• WHAT TO WORK ON:
Locate each line below that includes "Rover" and reproduce it.

⟨

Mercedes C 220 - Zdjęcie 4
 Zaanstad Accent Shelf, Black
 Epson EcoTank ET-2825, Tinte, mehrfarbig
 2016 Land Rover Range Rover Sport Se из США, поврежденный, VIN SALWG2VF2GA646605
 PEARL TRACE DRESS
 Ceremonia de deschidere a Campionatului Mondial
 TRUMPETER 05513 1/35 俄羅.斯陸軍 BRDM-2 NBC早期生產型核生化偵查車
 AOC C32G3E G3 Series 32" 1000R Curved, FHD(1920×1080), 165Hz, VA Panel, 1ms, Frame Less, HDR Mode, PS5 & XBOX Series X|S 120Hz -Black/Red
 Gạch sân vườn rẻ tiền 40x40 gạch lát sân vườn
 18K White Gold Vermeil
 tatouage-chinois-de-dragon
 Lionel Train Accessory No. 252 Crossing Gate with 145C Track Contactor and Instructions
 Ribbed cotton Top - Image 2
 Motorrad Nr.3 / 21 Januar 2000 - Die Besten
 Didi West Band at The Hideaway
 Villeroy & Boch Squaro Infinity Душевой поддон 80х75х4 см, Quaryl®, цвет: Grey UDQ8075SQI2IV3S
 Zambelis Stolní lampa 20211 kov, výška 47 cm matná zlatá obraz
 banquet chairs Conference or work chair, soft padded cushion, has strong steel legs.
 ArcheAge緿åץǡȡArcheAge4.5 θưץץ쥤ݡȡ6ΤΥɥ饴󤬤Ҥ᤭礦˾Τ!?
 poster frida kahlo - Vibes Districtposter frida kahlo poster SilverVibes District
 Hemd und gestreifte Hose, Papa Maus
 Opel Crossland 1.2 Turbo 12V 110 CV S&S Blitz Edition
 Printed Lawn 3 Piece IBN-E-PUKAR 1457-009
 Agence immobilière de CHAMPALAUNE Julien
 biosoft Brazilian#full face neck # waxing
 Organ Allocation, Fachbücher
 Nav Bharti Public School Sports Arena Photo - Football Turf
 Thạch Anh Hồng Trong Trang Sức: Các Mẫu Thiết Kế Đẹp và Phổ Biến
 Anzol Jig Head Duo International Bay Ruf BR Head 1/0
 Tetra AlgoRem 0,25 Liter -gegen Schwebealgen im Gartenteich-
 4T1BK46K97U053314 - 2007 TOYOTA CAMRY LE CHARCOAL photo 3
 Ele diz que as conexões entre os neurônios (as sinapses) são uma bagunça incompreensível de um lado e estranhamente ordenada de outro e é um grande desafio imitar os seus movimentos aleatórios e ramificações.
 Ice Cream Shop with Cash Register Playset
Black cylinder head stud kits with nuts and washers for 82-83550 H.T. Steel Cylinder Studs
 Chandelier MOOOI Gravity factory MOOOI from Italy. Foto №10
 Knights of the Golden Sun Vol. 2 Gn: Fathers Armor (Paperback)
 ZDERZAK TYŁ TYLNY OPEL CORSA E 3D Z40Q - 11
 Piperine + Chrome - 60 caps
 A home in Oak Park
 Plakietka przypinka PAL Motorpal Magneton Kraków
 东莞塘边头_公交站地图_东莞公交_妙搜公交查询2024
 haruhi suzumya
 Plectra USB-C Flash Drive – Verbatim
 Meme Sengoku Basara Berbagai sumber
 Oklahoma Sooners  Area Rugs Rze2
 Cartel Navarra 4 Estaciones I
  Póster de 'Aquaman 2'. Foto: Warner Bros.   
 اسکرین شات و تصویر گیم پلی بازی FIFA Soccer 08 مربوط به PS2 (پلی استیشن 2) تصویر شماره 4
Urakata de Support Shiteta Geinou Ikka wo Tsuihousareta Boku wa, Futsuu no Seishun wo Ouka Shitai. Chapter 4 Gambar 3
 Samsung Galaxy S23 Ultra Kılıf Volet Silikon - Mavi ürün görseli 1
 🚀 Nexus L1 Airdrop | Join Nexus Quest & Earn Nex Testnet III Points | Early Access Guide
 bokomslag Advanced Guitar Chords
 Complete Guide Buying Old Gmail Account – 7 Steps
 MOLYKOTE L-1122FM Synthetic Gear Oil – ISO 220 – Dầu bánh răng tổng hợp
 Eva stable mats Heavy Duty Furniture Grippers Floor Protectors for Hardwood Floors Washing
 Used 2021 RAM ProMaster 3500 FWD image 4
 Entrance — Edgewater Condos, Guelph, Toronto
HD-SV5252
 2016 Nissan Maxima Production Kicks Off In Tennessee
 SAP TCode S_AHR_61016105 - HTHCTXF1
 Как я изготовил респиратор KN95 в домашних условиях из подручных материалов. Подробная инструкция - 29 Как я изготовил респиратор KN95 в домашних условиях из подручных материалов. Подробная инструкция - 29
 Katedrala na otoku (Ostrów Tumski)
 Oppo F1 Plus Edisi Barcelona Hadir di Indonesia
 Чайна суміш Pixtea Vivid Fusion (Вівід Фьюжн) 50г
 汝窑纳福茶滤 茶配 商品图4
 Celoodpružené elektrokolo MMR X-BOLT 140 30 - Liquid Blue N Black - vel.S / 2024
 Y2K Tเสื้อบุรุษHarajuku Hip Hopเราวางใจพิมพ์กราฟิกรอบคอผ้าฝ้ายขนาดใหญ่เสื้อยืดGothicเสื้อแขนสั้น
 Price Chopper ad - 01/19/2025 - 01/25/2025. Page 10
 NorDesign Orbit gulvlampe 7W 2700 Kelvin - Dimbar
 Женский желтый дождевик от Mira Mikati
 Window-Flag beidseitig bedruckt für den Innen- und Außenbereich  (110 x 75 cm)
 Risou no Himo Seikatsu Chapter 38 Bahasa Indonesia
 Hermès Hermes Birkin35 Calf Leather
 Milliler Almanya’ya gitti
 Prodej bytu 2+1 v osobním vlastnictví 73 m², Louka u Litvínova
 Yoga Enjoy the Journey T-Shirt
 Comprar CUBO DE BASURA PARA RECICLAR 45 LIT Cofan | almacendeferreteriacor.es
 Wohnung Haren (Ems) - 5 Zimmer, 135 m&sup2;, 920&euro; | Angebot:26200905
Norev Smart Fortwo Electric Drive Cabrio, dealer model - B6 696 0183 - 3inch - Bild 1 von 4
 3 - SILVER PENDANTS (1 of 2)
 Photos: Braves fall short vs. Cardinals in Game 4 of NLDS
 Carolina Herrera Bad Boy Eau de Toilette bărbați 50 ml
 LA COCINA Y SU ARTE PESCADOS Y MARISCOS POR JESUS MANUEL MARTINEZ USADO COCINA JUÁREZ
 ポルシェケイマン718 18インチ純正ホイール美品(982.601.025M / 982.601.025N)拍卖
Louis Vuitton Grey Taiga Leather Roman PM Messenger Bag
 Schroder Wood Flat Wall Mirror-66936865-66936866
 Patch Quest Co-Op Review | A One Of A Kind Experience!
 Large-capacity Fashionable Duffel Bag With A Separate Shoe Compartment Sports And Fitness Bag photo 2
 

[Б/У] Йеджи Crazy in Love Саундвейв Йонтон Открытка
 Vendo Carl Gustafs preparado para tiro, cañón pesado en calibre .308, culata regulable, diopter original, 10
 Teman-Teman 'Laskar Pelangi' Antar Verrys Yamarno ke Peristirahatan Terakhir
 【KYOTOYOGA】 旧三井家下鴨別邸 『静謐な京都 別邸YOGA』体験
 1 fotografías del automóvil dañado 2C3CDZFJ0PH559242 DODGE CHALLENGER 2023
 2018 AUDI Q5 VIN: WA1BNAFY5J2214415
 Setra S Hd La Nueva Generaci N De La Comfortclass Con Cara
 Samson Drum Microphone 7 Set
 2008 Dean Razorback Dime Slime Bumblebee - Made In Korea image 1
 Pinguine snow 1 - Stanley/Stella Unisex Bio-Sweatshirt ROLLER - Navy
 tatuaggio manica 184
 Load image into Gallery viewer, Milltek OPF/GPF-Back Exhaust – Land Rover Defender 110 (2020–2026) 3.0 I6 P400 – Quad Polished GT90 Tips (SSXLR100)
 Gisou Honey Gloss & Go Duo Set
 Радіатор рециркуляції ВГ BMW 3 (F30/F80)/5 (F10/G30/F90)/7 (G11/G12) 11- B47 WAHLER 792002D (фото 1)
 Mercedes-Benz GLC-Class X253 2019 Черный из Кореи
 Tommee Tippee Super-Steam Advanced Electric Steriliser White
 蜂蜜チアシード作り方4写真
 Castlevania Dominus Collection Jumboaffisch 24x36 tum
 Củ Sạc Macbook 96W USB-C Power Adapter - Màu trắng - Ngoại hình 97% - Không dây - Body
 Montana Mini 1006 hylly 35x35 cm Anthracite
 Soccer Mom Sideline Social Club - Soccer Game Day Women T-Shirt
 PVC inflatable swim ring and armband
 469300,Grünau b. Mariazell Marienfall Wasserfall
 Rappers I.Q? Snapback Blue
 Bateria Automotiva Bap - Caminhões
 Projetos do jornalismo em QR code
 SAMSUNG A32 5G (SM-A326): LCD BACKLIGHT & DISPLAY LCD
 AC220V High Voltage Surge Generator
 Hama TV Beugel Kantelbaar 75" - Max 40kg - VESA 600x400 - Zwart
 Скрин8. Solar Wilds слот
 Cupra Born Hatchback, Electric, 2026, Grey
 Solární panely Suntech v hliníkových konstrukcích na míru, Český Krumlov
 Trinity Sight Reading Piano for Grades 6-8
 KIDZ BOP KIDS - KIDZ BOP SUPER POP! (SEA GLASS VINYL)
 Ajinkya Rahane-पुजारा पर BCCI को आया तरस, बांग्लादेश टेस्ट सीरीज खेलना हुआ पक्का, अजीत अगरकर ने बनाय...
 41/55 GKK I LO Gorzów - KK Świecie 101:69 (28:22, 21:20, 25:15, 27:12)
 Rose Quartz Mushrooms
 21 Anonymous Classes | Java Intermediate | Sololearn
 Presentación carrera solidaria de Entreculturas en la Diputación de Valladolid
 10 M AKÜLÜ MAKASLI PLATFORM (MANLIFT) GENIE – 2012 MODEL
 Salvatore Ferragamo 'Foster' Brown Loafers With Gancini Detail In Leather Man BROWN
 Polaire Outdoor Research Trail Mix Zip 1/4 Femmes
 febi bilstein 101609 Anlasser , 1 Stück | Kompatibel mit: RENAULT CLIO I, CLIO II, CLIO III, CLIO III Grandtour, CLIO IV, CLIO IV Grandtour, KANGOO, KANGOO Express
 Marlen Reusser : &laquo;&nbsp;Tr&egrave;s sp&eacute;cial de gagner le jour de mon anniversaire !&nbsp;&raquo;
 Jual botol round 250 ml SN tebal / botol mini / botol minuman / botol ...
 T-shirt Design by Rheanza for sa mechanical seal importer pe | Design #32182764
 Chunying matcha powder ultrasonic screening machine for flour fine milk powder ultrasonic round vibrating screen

⟩

• OUTPUT OF THE EXERCISE:
 2016 Land Rover Range Rover Sport Se из США, поврежденный, VIN SALWG2VF2GA646605
 Load image into Gallery viewer, Milltek OPF/GPF-Back Exhaust – Land Rover Defender 110 (2020–2026) 3.0 I6 P400 – Quad Polished GT90 Tips (SSXLR100)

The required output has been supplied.